If the deputy finance minister has a sign on his wall reminding him to see the point of view of others, here is perhaps why. Others do not behave as Germans do: others
lie.
In this financial world of deceit Germans are natives on a protected island who have not been inoculated against the virus carried by visitors. The same instincts that allowed them to trust Wall Street bond salesmen also allowed them to trust the French, when they promised there would be no bailouts, and the Greeks, when they swore that their budget was balanced. That is one theory.

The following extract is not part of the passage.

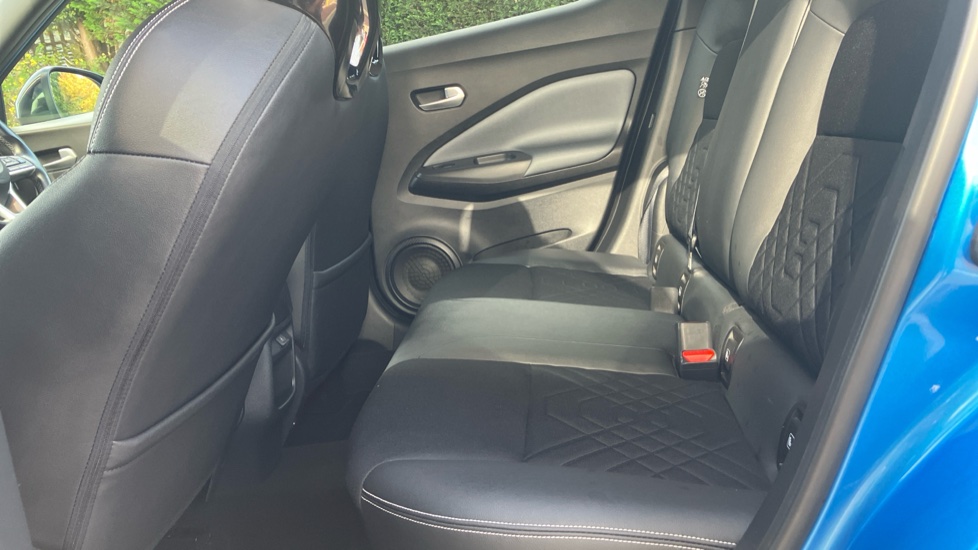 Nissan Juke 1.0 DiG-T 114 Tekna 5dr DCT Petrol Hatchback - Image 16
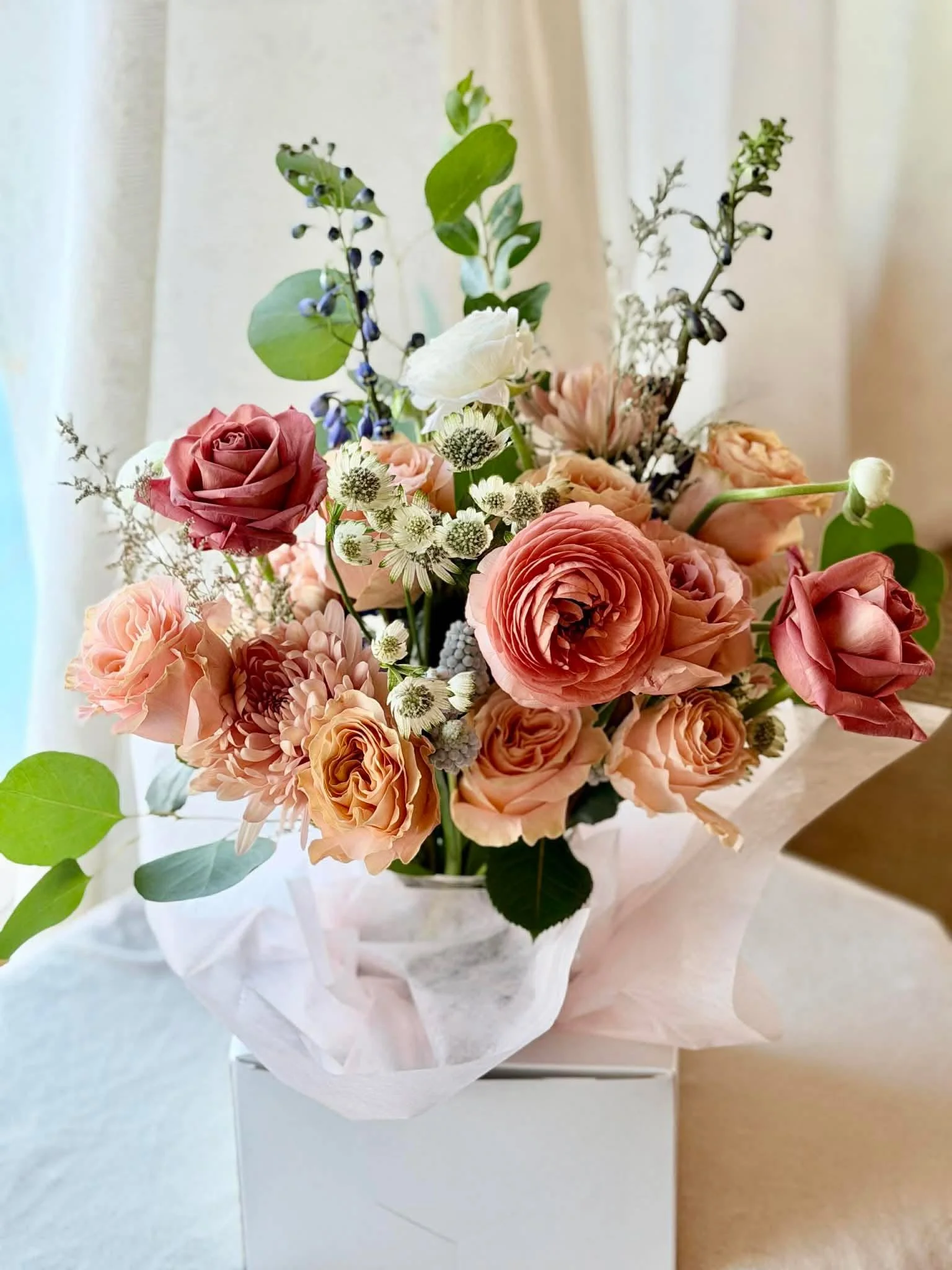 The Magnolia Farm arranged this stunningly beautiful arrange for me today - how beautiful?!?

Another is that they trusted so easily because they didn’t care enough about the cost of being wrong, as it came with certain benefits. For the Germans the euro isn’t just a currency. It’s a device for flushing away the past. It’s another Holocaust Memorial. The Greeks may have German public opinion polls running against them, but deeper forces run in their favor.

In any case, if you are obsessed with cleanliness and order yet harbor a secret fascination with filth and chaos, you are bound to get into some kind of trouble. There is no such thing as clean without dirt. There is no such thing as purity without impurity. The interest in one implies an interest in the other. The young German woman who had driven me back and forth across Germany exhibits interest in neither, and it’s hard to say whether she is an exception or a new rule. Still, she marches dutifully into the world’s largest red-light district, seeking out a lot of seedy-looking German men to ask them where she might find a female mud wrestling show. Even now she continues to find new and surprising ways in which Germans find meaning in filth. “
Scheisse glänzt nicht, wenn man sie poliert
: Shit won’t shine, even if you polish it,” she says, as we pass the Funky Pussy Club. “
Scheissegal
: it just means ‘I don’t give a shit.

” She laughs. “That’s an oxymoron in Germany, right?”